Profiling is a way to measure the performance of a program and to identify bottlenecks in your MatX application. Since the method for profiling depends on the executor, each executor implements its own profiling mechanism. For example, the CUDA executor can use events encapsulating the kernels it’s profiling. The profiling is done through the executor object rather than the run statement so that multiple runs can be profiled together. Profiling is disabled by default in the executor due to the overhead of the profiling mechanism. To enable profiling, pass true as the second parameter to the executor constructor:

cudaExecutor exec{stream, true}; // Enable profiling

Profiling is done by calling the start_timer() method of the executor:

exec.start_timer();

To stop the profiler, stop_timer() is called:

exec.stop_timer();

Depending on the executor, stop_timer() may need to block for the operation to conplete on an asynchronous executor.

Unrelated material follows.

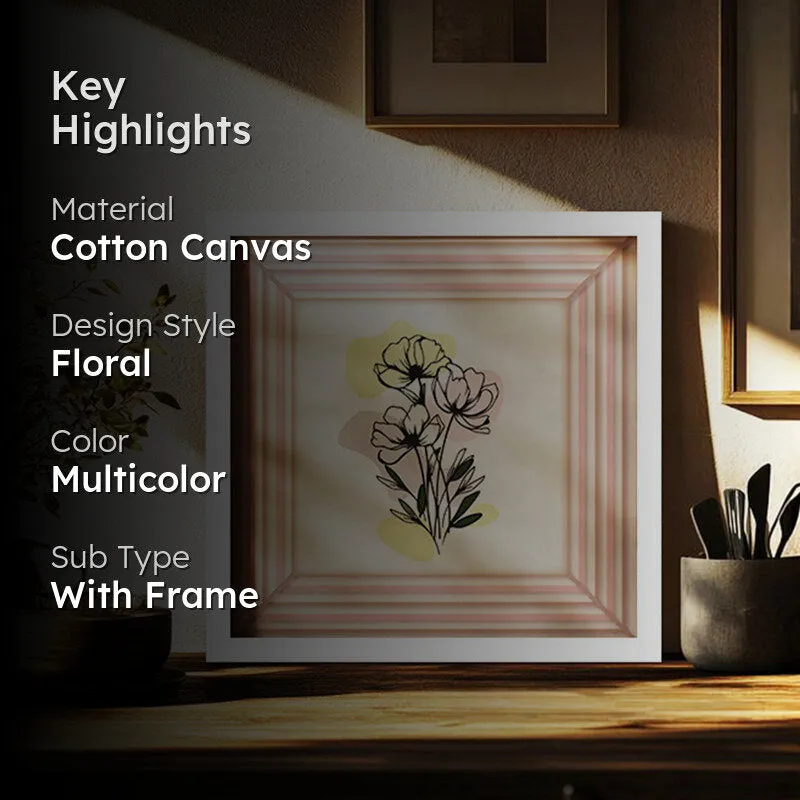 Blushing Buds Wall Art with White Frame media 2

Once stop_timer() returns, the execution time between the timers can be retrieved by calling get_time_ms():

auto time = exec.get_time_ms();

In the above example time contains the runtime of everything executed between the start_timer() and stop_timer() calls. For a CUDA executor this is the time between the beginning of the first kernel and the end of the last. For a CPU executor this is the CPU time between the two calls.

Note

Profiling does not work a multi-threaded host executor currently

For a full example of profiling, see the spectrogram example.